Even as Bill von Meister and company were flailing away at GameLine, a pair of former General Electric research scientists in Troy, New York, were working on the idea destined to become Control Video’s real future. Howard S. Goldberg and David Panzl had spent some time looking at online services like CompuServe and The Source, and had decided that they could never become a truly mass-market phenomenon in their current form. In an era when far more people watched television than read books, all that monochrome text unspooling slowly down the screen would cause the vast majority of potential customers to run away screaming.

Goldberg and Panzl thought they saw a better model. The Apple Lisa had just been released, the Macintosh was waiting in the wings, and you couldn’t shake a stick at any computer conference without hitting someone with the phrase “graphical user interface” on the lips. Simplicity was the new watchword in computing. Goldberg and Panzl believed that anyone who could make a point-and-shoot online service to go up against the SLR complexity of current offerings could make a killing.

But how to do so, given the current state of technology? It was all a 300-baud modem could do to transfer text at a reasonable speed. Graphics were out of the question.

Or were they? What if the graphics could be stored locally, on the subscriber’s computer, taking most of the load off the modem? Goldberg and Panzl envisioned a sort of hybrid service, in which as much code and data as possible was stored on a disk that would be sent out to subscribers rather than on the service’s big computers. With this approach, you would be able to navigate through the service’s offerings using a full GUI, which would run via a local application on your computer. If you went into a chat room, the chat application itself would be loaded from disk; only the actual words you wrote and read would need to be sent to and from a central computer. If you decided to write an email, a full-featured editor the likes of which a CompuServe subscriber could only dream of could be loaded in from disk, with only the finished product uploaded when you clicked the send button.

The PlayNet main menu. Note that system updates could be downloaded and installed on the user’s disks, thus avoiding the most obvious problem of this approach to an online service: that of having to send out new disks to every customer every time the system was updated. The games were also modular, with new ones made available for download to disk at the user’s discretion as they were developed. All told, it was an impressive feat of software engineering that would prove very robust; the software shown here would remain in active use as PlayNet or QuantumLink for a decade, and some of its underpinnings would last even longer than that.

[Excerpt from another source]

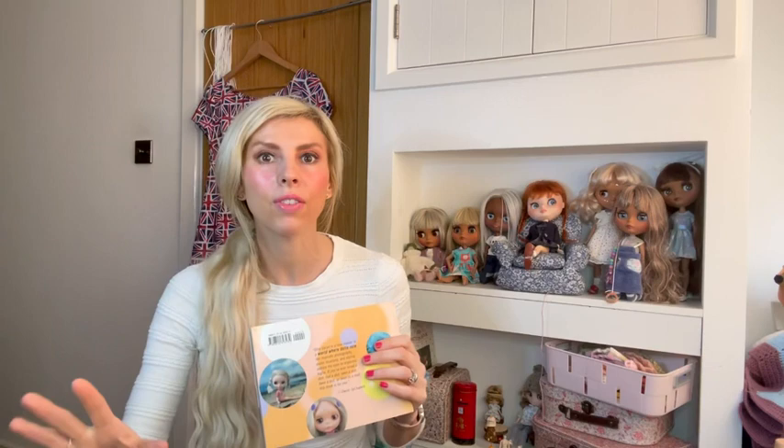Blythe is a fashion doll, 28.5 centimetres tall. She's got a great big head. She's got a pull cord at the back — you pull it and her eyes change colour. She has four different colour eyes: two front-facing, one left-facing, and one right-facing. Official Blythe dolls generally have a standard eye colour, but you do get specials which change them.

Goldberg and Panzl were particularly taken with the possibilities the approach augured for online multiplayer games, a genre still in its infancy. CompuServe had put up a conquer-the-universe multiplayer strategy game called MegaWars, but it was all text, demanding that players navigate through a labyrinth of arcane typed commands. Otherwise there were perennials like Adventure to go along with even moldier oldies like Hangman, but these were single-player games that just happened to be played online. And they all were, once again, limited to monochrome text; it was difficult indeed to justify paying all those connect charges for them when you could type in better versions from BASIC programming books. But what if you could play poker or checkers online against people from anywhere in the country instead of against the boring old computer, and could do so with graphics? Then online gaming would be getting somewhere. The prospect was so exciting that Goldberg and Panzl called their proposed new online service PlayNet. It seemed the perfect name for the funner, more colorful take on the online experience they hoped to create.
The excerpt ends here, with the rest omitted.